Понятно дело, во всех заездах проигрывал. Чтоб на харли соревноваться со спортбайками, надо иметь опыт моих нечаянных любовников, близнецов. Вот уж кто умеет обращаться с хорошими зверями. И приручать. 

Рустик только понтовался. 

Над ним ржали, но по-доброму. Ну чего возьмешь с маленького дурачка? 

Правда, потом те, кто особо громко ржал, влипали в проблемы. Сначала никто ничего не понял, и с Рустиком не связал. 

Ну, подумаешь, у кого-то байк сгорел? Бывает. 

А кого-то подстерегли, по голове дали, да карманы обчистили. Тоже бывает. Конечно, городок у нас маленький, все вроде как друг друга знаем, местные, но туристов много, гастролеров тоже полно, бывает всякое. 

А потом Рустик увидел меня. 

И вот не знаю, чем я его так сильно цепанула, но за его ухаживаниями наблюдала вся тусовка. И ржали, конечно же. Я тоже. Ржала. 

Месяц, второй, третий…

Парень, вроде как, был безобидным. Глупый, молодой, понторез. 

Напрягал, конечно, но не то, чтоб сильно. 

А потом мой приятель, с которым я в тот момент только начала встречаться, попал в больницу с черепно-мозговой. Напали сзади в темноте. 

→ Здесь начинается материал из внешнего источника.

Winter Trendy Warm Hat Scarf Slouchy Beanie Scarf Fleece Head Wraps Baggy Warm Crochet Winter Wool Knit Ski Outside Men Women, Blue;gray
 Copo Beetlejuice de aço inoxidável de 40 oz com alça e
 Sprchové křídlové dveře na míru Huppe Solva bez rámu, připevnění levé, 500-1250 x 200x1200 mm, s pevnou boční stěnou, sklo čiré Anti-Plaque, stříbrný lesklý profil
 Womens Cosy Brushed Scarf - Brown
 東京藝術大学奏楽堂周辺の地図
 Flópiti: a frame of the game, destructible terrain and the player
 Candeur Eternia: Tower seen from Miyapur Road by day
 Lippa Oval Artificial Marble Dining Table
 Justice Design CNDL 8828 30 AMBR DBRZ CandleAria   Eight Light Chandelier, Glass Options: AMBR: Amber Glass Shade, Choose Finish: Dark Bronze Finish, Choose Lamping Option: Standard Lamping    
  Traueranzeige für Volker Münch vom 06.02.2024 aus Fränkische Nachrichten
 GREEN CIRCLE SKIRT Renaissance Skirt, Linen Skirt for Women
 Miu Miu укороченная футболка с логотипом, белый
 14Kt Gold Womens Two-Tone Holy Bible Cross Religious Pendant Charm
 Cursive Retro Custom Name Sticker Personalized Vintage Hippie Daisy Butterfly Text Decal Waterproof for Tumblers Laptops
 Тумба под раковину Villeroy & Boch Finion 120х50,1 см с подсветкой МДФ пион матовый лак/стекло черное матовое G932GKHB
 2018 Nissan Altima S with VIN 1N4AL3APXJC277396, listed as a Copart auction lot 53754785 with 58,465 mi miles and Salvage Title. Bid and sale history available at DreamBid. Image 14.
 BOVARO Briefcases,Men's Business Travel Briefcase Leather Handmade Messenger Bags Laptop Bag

Я выходила из больницы как раз, когда Рустик подвалил. И так, слово за слово… И поняла я, что это его рук дело! Вот реально, он даже хвалился этим! А я не выдержала. Толкнула так, что на землю свалился, добавила лежачему по почкам тяжелым байкерским ботинком и рванула прочь. К Толику. 

У него папа был полицейским. 

Толик послушал, обещал помочь, сказал, приходить с заявой завтра в отделение. Он, типа, с отцом поговорит, чтоб сразу делу ход дали. 

А я в расстроенных чувствах пошла в мастерскую на работу. Но не дошла. 

Тормознула напротив, перекрывая дорогу, черная тачка, выскочили крепкие мужики и затащили меня прямо в салон. Пикнуть не успела. 

А в салоне… 

Сука, такого страшного мужика я в жизни не видела никогда, а уж насмотрелась, вроде как, достаточно. 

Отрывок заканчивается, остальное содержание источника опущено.